PHOENIX – Patients with a history of head and neck, lung, bladder, and hematologic malignancies had increased rates of subsequent non–small cell lung cancer (NSCLC), a large analysis of national data found.

“It is unclear to what extent the higher rate of primary NSCLC in these patients may be attributed to smoking, previous cancer history, or other lung cancer risk factors,” researchers led by Dr. Geena Wu wrote in an abstract presented during a poster session at the annual meeting of the Society of Thoracic Surgeons. “Further research using individual smoking data may better delineate who is at increased risk of NSCLC based on prior cancer site and smoking history.”

Dr. Geena Wu Doug Brunk/Frontline Medical News

Dr. Geena Wu

In a study that Dr. Wu led during a research fellowship at the City of Hope National Medical Center, Duarte, Calif., she and her associates used the Surveillance, Epidemiology, and End Results (SEER) 1992-2007 dataset to identify 32,058 patients with a prior malignancy who subsequently developed primary lung cancer at 6 months or more after their initial cancer. They calculated standardized incidence ratios (SIRs) for NSCLC as a rate of observed to expected NSCLC cases adjusted by person-years at risk, age, gender, and time of diagnosis.

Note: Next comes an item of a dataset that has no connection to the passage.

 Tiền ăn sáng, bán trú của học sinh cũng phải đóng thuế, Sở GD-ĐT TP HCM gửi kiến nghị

The researchers found that patients with a history of the following cancers had higher rates of second primary NSCLC than expected: head and neck (SIR, 4.00), colon and rectum (SIR, 1.16), pancreas (SIR, 1.44), lung (SIR, 4.88), bladder (SIR, 1.97), kidney (SIR, 1.21), breast (SIR, 1.09), and leukemia or lymphoma (SIR, 1.40).

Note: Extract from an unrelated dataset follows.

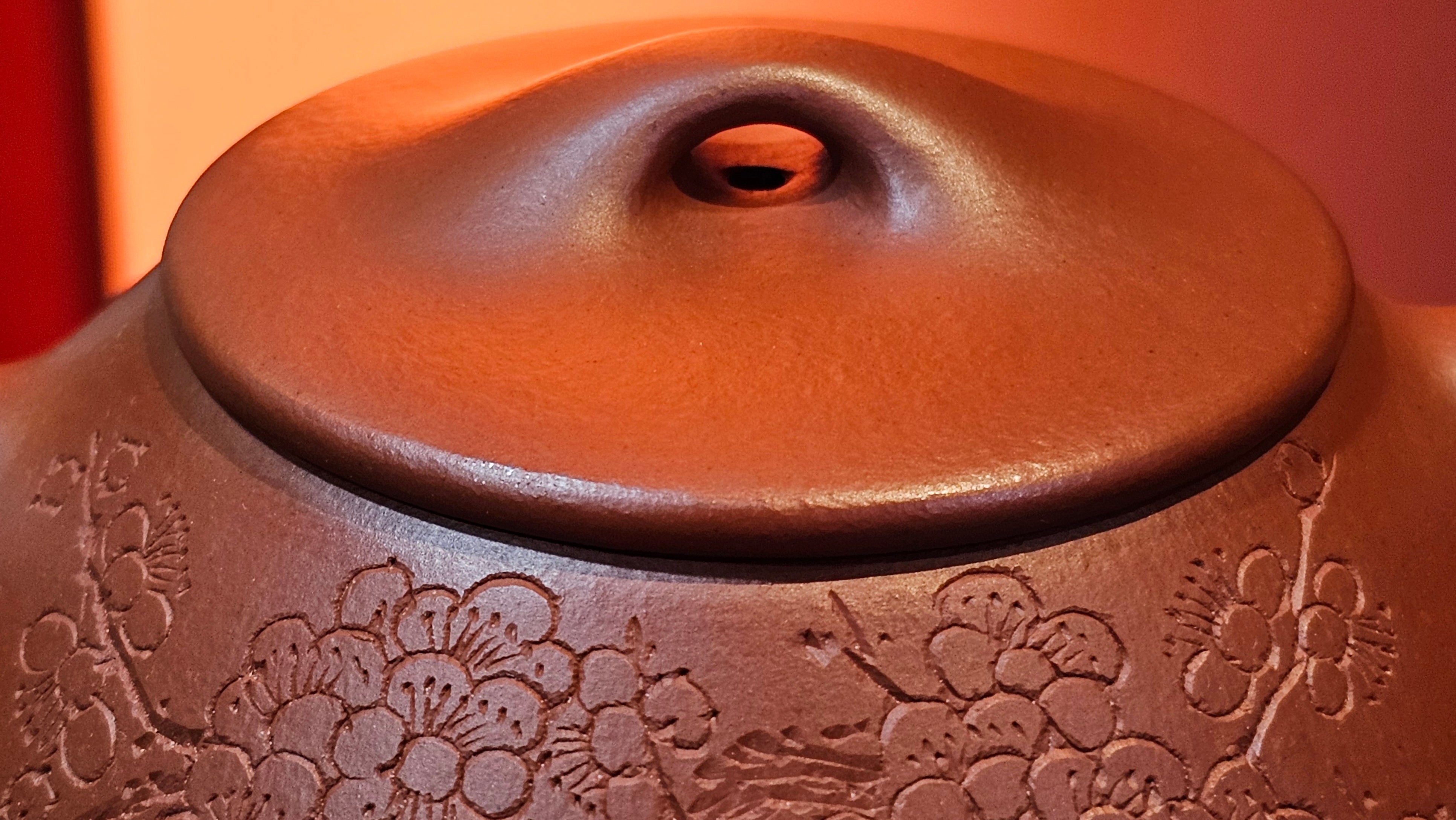 Jing Zhou Shi Piao 景舟石瓢, 283.6ml, Xiao Mei Yao Zhu Ni 小煤窑朱泥, by Craftsman Wang Xing 王兴; "暗香疏影" and Plum Blossoms Engraving by Craftsman Yi De Shu 一德书 ~ Congratulations to Mr K.S.! 2200hrs 8th Sept 2025, Tiburon, CA!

At the same time, patients with a history of pancreatic or breast cancer who were treated with radiation had a higher incidence of second primary NSCLC (SIR of 2.54 and SIR of 1.14, respectively), while those who were not treated with radiation did not.

Although the SEER database does not contain information about patient smoking history, the researchers evaluated adult smoking rates by state by using a national map from the Centers for Disease Control and Prevention’s 2013 Behavioral Risk Factor Surveillance System. Smoking rates were low (defined as 13.7% or less) in California, Hawaii, and Utah, and were higher in all other states, especially in Southeastern states. Dr. Wu and her associates found that patients from high smoking areas who had previous cancers of the colon and rectum, pancreas, kidney, thyroid, and breast had higher rates of a primary NSCLC, while those from low smoking areas did not. Interestingly, patients from high smoking areas who previously had uterine cancer, prostate, or melanoma had did not have higher rates of a primary NSCLC.

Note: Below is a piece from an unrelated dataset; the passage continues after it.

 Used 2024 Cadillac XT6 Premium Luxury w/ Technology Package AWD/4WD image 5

“Just because someone has a previous history of cancer, they’re not necessarily at increased risk of a second lung cancer,” Dr. Wu, who is now a fourth-year general surgery resident at Maricopa County Hospital in Phoenix said in an interview at the meeting. “You have to look at what kind of cancer they had and what their smoking history is – whether or not they continue to smoke, because smoking is such an important risk factor.”

Another limitation of the SEER database is that it lacks details about the type of chemotherapy patients receive, “so whether or not chemotherapy plays an impact in the elevated risk of lung cancer we can’t say.”

Dr. Wu reported having no financial disclosures.